=== Section Start ===

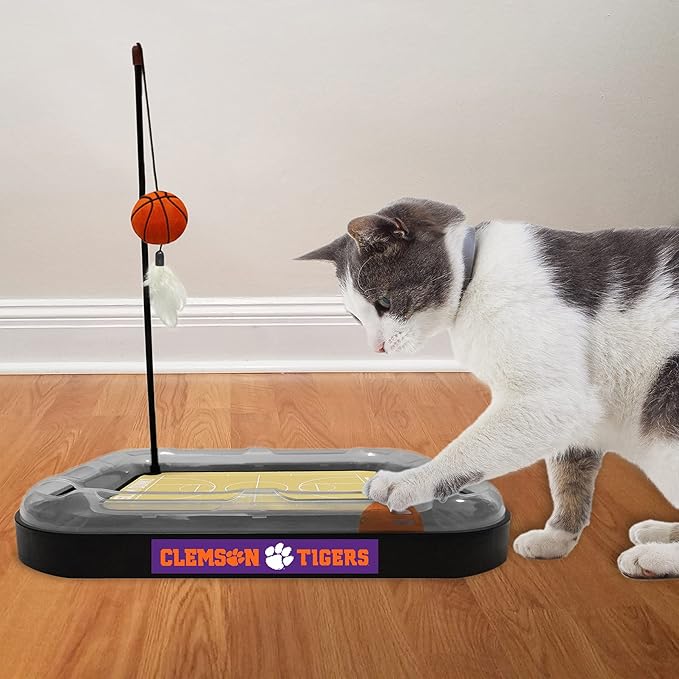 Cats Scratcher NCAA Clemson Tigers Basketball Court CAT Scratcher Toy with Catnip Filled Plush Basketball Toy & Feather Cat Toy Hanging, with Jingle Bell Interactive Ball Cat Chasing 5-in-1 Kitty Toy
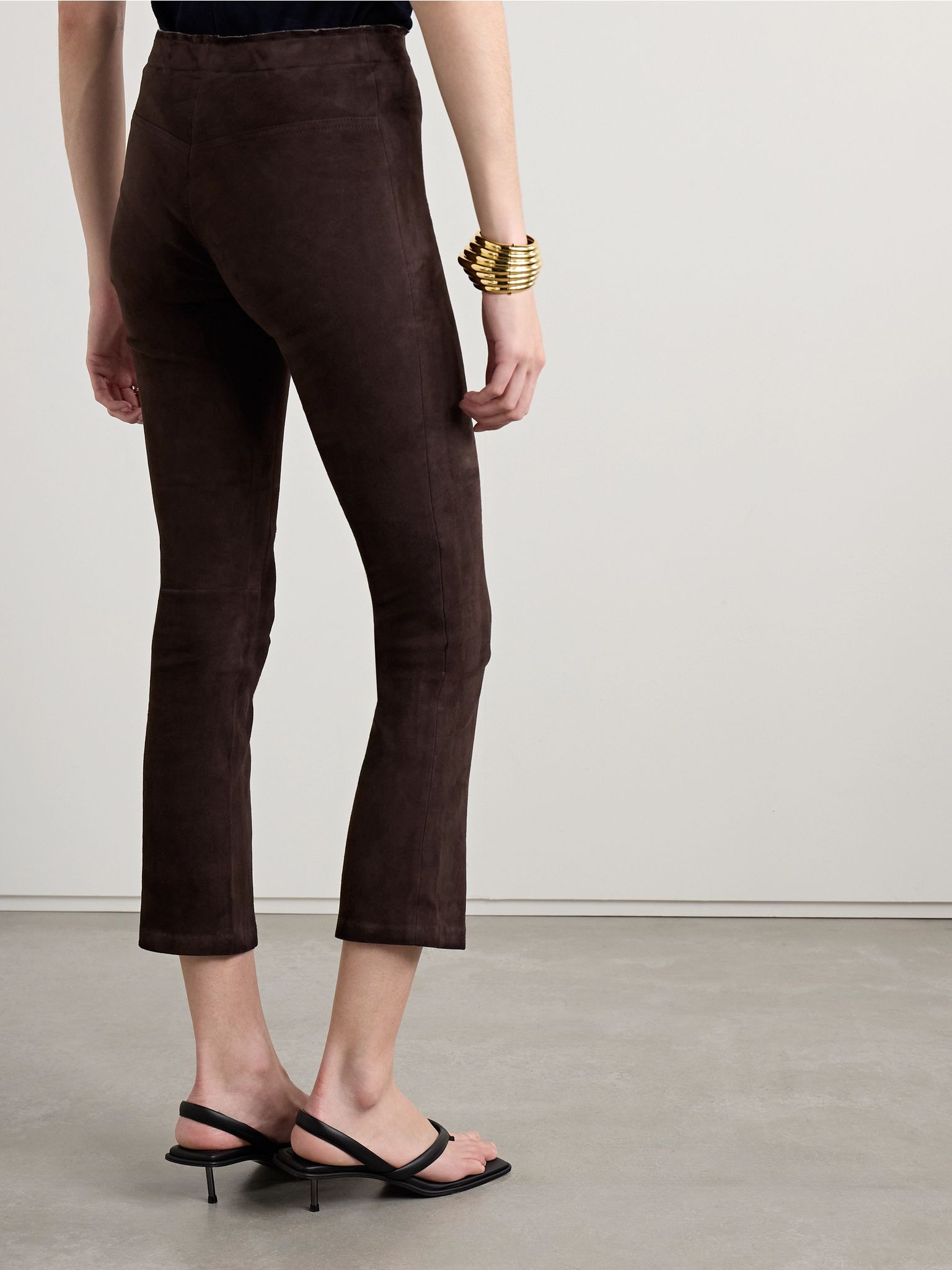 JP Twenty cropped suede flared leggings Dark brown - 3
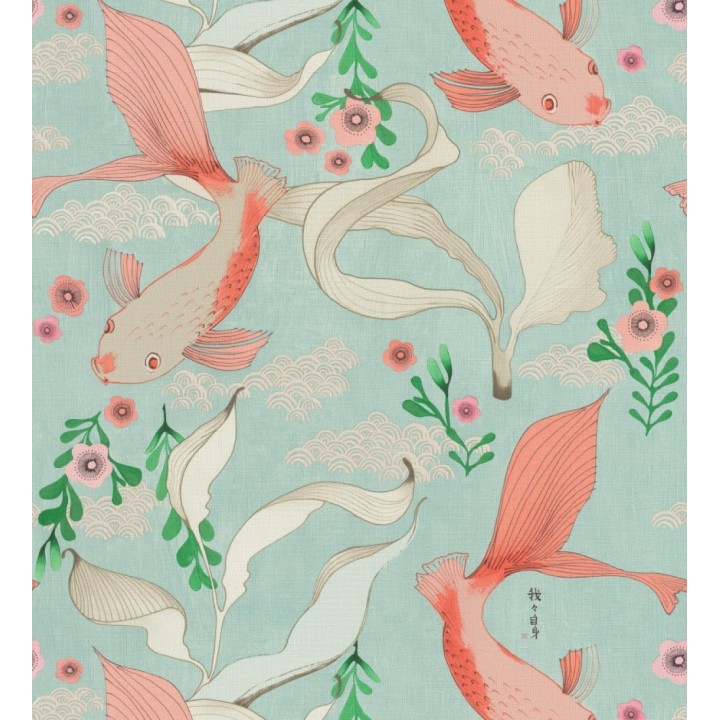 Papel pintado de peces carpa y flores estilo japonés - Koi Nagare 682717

=== Section End ===
=== Section Start ===

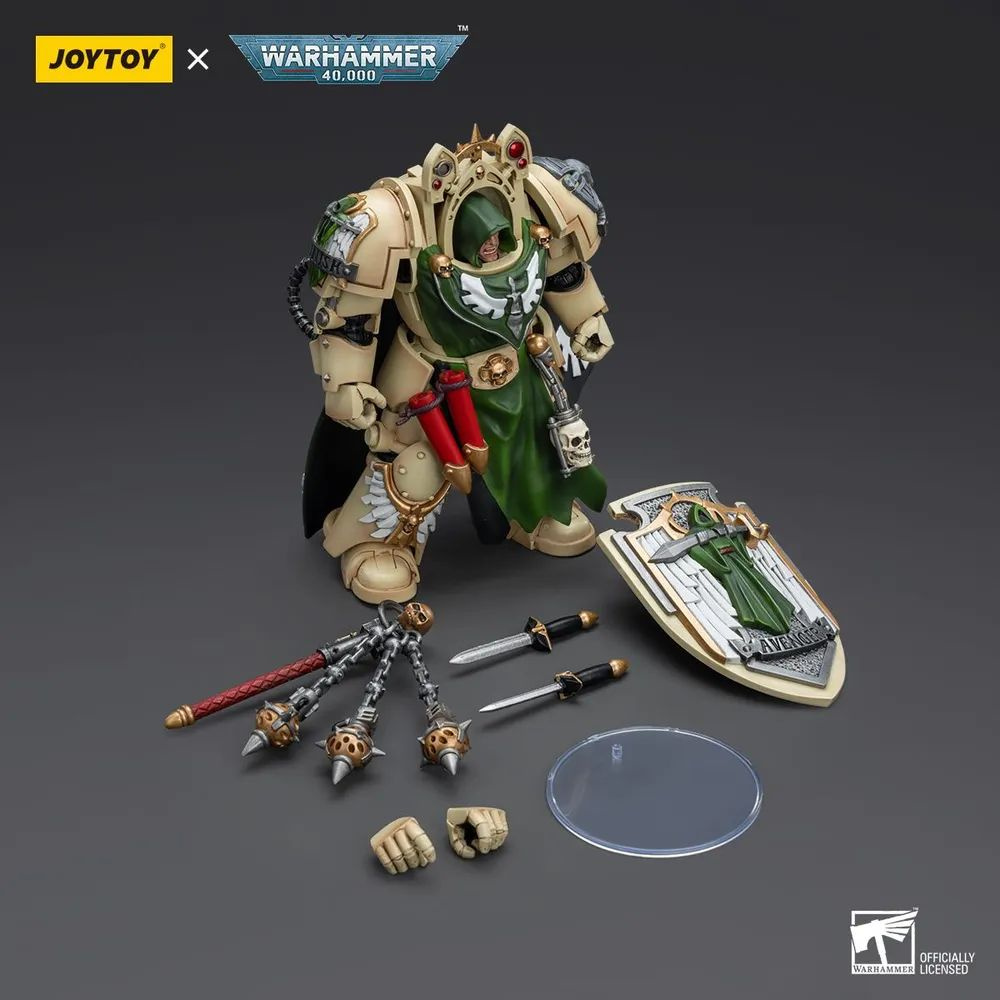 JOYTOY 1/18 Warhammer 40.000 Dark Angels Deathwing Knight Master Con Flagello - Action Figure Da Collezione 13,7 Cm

=== Section End ===

- _Work order_: Output exactly those lines of the data above that run from the line with "Cats Scratcher NCAA" up to and including the line with "Papel pintado de". No pictures go in.

- _Task answer_:
 Cats Scratcher NCAA Clemson Tigers Basketball Court CAT Scratcher Toy with Catnip Filled Plush Basketball Toy & Feather Cat Toy Hanging, with Jingle Bell Interactive Ball Cat Chasing 5-in-1 Kitty Toy
 JP Twenty cropped suede flared leggings Dark brown - 3
 Papel pintado de peces carpa y flores estilo japonés - Koi Nagare 682717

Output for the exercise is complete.